All month my family is joining others in our congregation and denomination in reading through a version of the New Testament that has no chapter or verse markings and has been resequenced in roughly chronological order. In part, that’s to get you to notice things you’d otherwise miss. For example, I’d never noticed that Luke occasionally switches to the first person in the Book of Acts, suggesting that he was one of the eyewitness sources for his history of the apostolic church. And I’d forgotten how frustrating is that book’s ending: a text full of dramatic, often violent scenes and powerful sermons gives Paul neither a hearing before Caesar nor his martyrdom.

Then as we continued with Paul’s earliest letter, I was struck that he employed virtually every familial metaphor possible in order to explain the depth of his feeling for the early Christians of Thessalonica.

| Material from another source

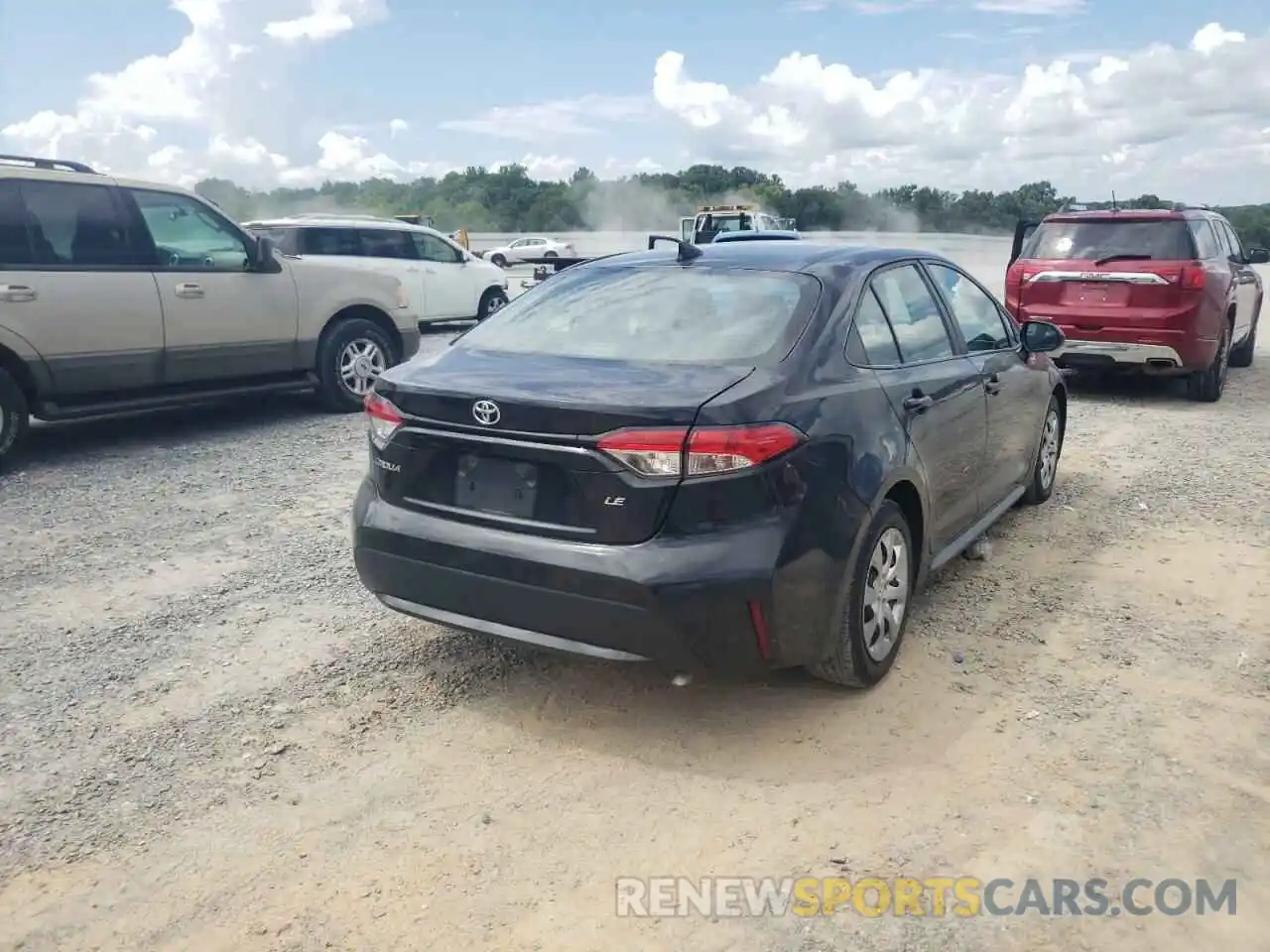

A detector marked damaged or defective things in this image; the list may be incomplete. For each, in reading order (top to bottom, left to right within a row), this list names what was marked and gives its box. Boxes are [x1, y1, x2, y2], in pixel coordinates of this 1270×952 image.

In the space of just six verses, he writes that he, Silas, and Timothy are at once “like young children among you,” like a “nursing mother” to the church, their “brothers and sisters,” and like “a father [dealing] with his own children” (1 Thess 2:7-12). That they couldn’t see the Thessalonians again (“for Satan blocked our way”) made him feel “orphaned,” for these spiritual relatives were “our glory and joy” (2:17, 20).
When I think of Paul’s role as an apostle writing to churches he had founded, words like teaching, rebuking, exhorting, and chastising quickly come to mind. (Next week we’ll read his frustrated letters to the church in Corinth.) But in this epistle, it’s striking that he’s primarily writing for a very different purpose: to encourage people he loves.
“We always,” started Paul, “thank God for all of you and continually mention you in our prayers. We remember before our God and Father your work produced by faith, your labor prompted by love, and your endurance inspired by hope in our Lord Jesus Christ” (1:2-3). And he concluded by telling his readers, as recipients of salvation who have life in Christ, to “encourage one another and build each other up, just as in fact you are doing” (5:11).
To encourage is literally to en-courage, to give confidence and hope to those tempted to surrender to anxiety and despair. Paul had sent Timothy to the Thessalonian Christians in order “to strengthen and encourage you in your faith, so that no one would be unsettled by these trials” (3:2-3), and in the midst of their own “distress and persecution we were encouraged about you because of your faith” (3:7).

So how might churches today take up a ministry of encouragement?
First, consider what we do to dis-courage each other. Are there ways in which we exacerbate fear rather than sustain hope?
It’s a tricky question. For example, I might reasonably be accused of doing just this by writing too sharply about the dangers of our current administration. Yet in the same letter, Paul says both to “[l]ive in peace with each other” and “reject every kind of evil.” And I’ve been told that my more political posts are actually encouraging to those who don’t feel they can speak so publicly, or are relieved to know that they’re not the only Christians disquieted by our new political order.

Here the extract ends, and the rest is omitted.